Fair Trade practices are not just marketing buzzwords for the company. Keiles further reports that, according to a sustainability study, workers along Sambazon’s vertical supply chain can earn up to three times what the average Brazilian takes home.
Sambazon even reinvests back into the local Brazilian communities where it sources it fruit, building schools, doctor’s offices and water filtration systems, according to its website.
Here at Fordham, however, Sambazon replaced Jamba Juice, an establishment that some students are disappointed to see go.
“I liked the variety of smoothies and the different options,” said Paige Kowal, FCRH ’21. “Now, I haven’t even been to the açaí bowl place.”

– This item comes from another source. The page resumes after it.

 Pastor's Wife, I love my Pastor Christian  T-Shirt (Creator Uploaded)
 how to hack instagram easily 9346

Deming Yaun, Fordham’s University dining contract liaison, said bringing brands such as Starbucks, Jamba Juice (at Rose Hill), Freshens (at Lincoln Center) and now Sambazon is a process that involves students, specifically those on the United Student Government (USG) Food Committee. After a tasting, the students on the committee were in favor of bringing Sambazon to campus.

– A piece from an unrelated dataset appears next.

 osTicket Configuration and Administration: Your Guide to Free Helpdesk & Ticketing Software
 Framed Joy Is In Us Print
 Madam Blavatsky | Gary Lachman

“The health factor was a big positive with the Food Committee,” Yaun said
He said his biggest concern was that the açaí base comes in only one flavor, but both the company and members of the dining committee convinced him the toppings would provide enough variety.
Students are also unhappy about the price of the bowls, which can only be purchased with cash or DCB, not a meal swipe.
“They are expensive wherever they are,” Yaun said. “The research out on the açaí berry is so positive it’s creating demand, and when demand is created the price is going to go up. They are also committed to Fair Trade, living wage and things like that.”
As for using meal swipes for açaí bowls, that’s probably not going to happen.
“We knew from day one that the Sambazon product does not fit the business model for exchange,” Yaun said.
Some students also seemed confused over whether to eat an açaí bowl as a meal, snack or dessert. Simeone said that the bowls can be eaten at any time throughout the day.
“From a calorie perspective, most bowls can be considered as a meal; however, our daily caloric needs vary from person to person.” she said. “For some individuals, a bowl may be a great post-workout snack.”
Despite the price, many students have responded positively to the new option. Cathrine Mercanti, GSB ’19, said she grabbed her first açaí bowl after working out. She said she was pleasantly surprised by the bowls.
“I would treat them as a meal; it’s almost like having a smoothie for a meal,” she said.
Grant Hasings, GSB ’21, said he goes whenever he can.
“It’s a great addition to Fordham Dining,” he said. “It’s a little expensive, but definitely worth it to have fresh fruit and a good meal.”
Yaun said a hot food counter and possible renovation might be in the future for Urban Kitchen. He also said promotions at Starbucks and Sambazon could be offered to drive sales in advance of the holidays.